Interestingly, the majority of recent reports demonstrated a correlation between clock gene expression and clinicopathological characteristics of CRC patients like TNM stage, grade and clinical outcome. In particular, Mazzoccoli et al suggested that lower expression of PER1 and PER2 is correlated with a poor prognosis and lower survival rates (12), while Oshima et al found that lower expression of PER2 is related to a worse clinical outcome and higher expression of BMAL1 and lower expression of PER1 are related to increased incidence of liver metastasis (14). In our study there was no correlation between the expression of clock genes and TNM stage, differentiation, incidence of liver metastasis and clinical outcome.

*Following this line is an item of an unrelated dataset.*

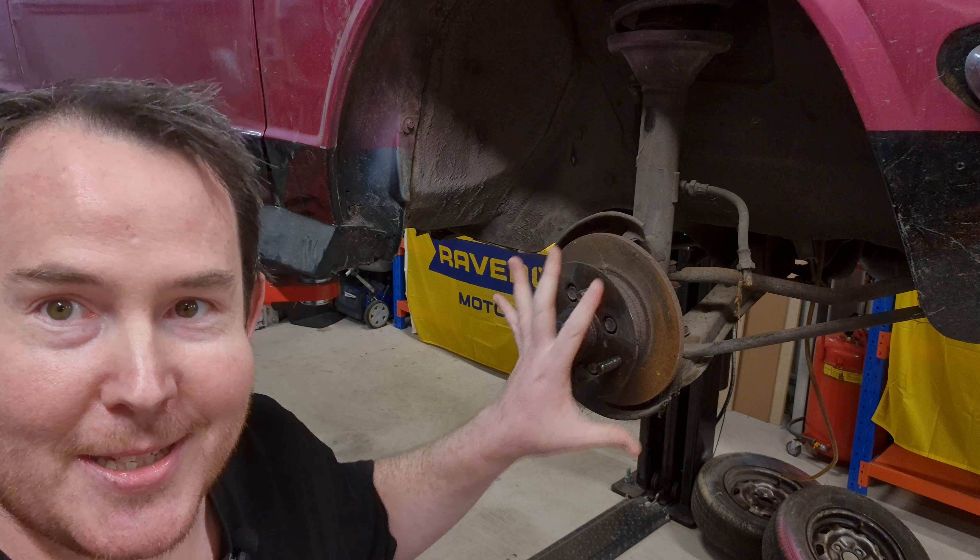We've got the front suspension out. It's relatively easy — very simple suspension — but everything was rusted on, so it took a little longer than expected. Now let's do the rear. Let's get the rear diff out.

For this divergence in the association with prognosis, one should seriously take into consideration the relatively small sample of patients included in our study and the low incidence of metastatic CRC amongst those patients.

In conclusion, our results suggest that BMAL1 and CLOCK1 are upregulated in CRC whereas PER1 and PER3 are downregulated. According to our study the expression levels of BMAL1, CLOCK1, PER1, PER2 and PER3 are not correlated with any clinicopathological characteristics of CRC patients nor with their clinical outcome. Further experimental and clinical studies will aid in fully understanding the impact of circadian genes on the pathogenesis of CRCas well as developing interesting biomarkers in terms of prognosis and discovering new targets for therapeutic interventions.